Ajax and Javascript for SEO now that googlebot understands Javascript - JavaScript and AJAX forum at WebmasterWorld - WebmasterWorld

Forum Moderators: open

Message Too Old, No Replies

Ajax and Javascript for SEO now that googlebot understands Javascript

heringslake

2:37 pm on Apr 23, 2008 (gmt 0)

10+ Year Member

Hello,
This post refers to this older post [webmasterworld.com].
In that post people answered that google doesn't understand Js so it's fine to use Ajax and Javascript freely (or with little changes) for SEO.

Well this is a common misconception, many people who do SEO professionally actually still think that google doesn't understand javascript. If you are one of them please go to google and type: "How do search engines' bots handle javascript?" and read the first result thouroughly.

In that document it shows how this is not the case and how google understands most javascript apart the one connected with the DOM (at least 1 year ago). Please say if you find something wrong or not believe in the article.
So NOW, what are the reccomendations for using Ajax and/or Javascript in order to get some duplicate content out of a page?
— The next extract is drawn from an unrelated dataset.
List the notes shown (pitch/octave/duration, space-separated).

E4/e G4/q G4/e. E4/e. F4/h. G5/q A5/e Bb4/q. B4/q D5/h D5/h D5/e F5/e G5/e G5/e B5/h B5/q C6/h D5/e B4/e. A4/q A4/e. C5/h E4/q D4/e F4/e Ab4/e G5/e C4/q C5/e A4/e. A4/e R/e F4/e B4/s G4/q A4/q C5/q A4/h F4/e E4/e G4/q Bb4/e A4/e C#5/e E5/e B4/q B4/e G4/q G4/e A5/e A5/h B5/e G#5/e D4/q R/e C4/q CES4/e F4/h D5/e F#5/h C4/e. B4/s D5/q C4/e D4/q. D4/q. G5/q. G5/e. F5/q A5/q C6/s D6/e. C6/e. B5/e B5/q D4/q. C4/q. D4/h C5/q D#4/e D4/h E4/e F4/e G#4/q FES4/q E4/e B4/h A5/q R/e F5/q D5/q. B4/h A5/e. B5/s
I can think of 3 main approaches:
1. Including the duplicate content in an external Js, assign it to variables, and do innerHTML to some divs. (old style)
2. Using XmlHTTPRequest (GET) to retrieve the data in XML format and then put it into the page.
3. Do an Ajax POST and retrieve the XML content with this. (slower as the page will be processed twice by the server but this seems the safest as in my research Google cannot do post requests).
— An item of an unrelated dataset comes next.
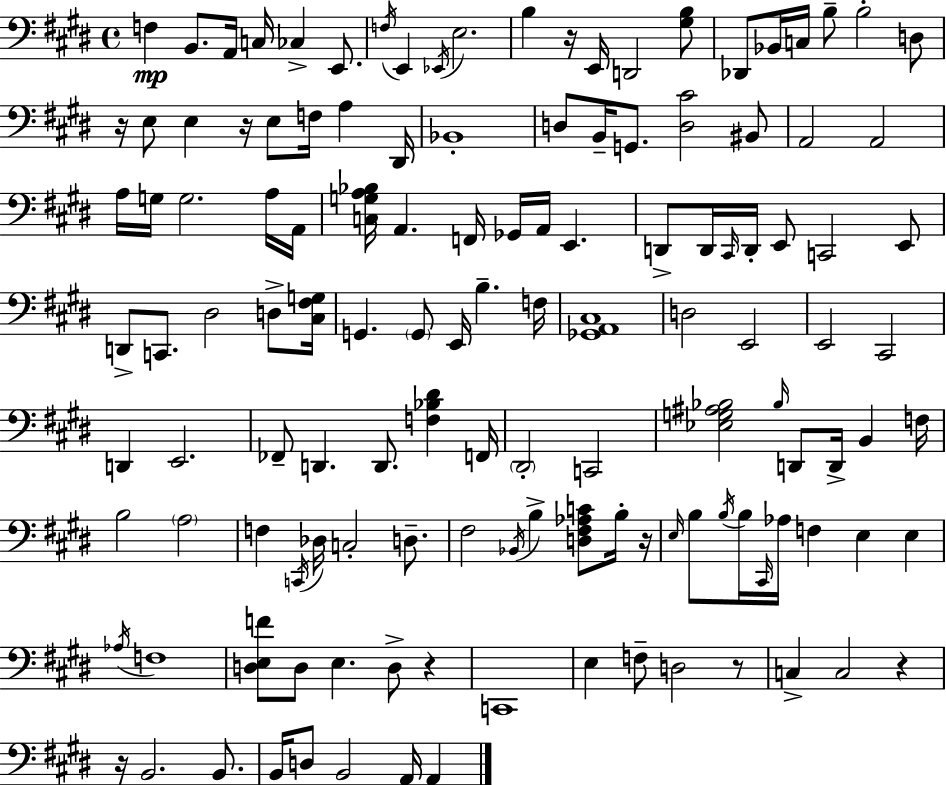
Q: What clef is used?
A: bass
A 4th method would be using an encryption that google can't solve (I would know how to do that), but I am reluctant to cheat or to be appearing like cheating as I care about my site.... so I don't want to use it.

I think this is a very important and complex topic, what do you think is the best approach to get rid of dupe? Do you think google could get suspicious with any of these approaches? I don't mind that google reads the content, but I would like that google doesn't consider that text as much as the unique text on the page.
Please give me your opinion even if you are not sure or you didn't test it, I would like to hear all opinions and maybe we can find a good answer.

Thanks!

httpwebwitch

6:07 pm on Apr 25, 2008 (gmt 0)

WebmasterWorld Senior Member

10+ Year Member

I'm inclined to favour method #2 above. Simply because it'd be easy to tuck your content into a CMS, or into plain *.html files, and loading the content wouldn't take much longer than loading other dependent files like images, *.js and *.css files.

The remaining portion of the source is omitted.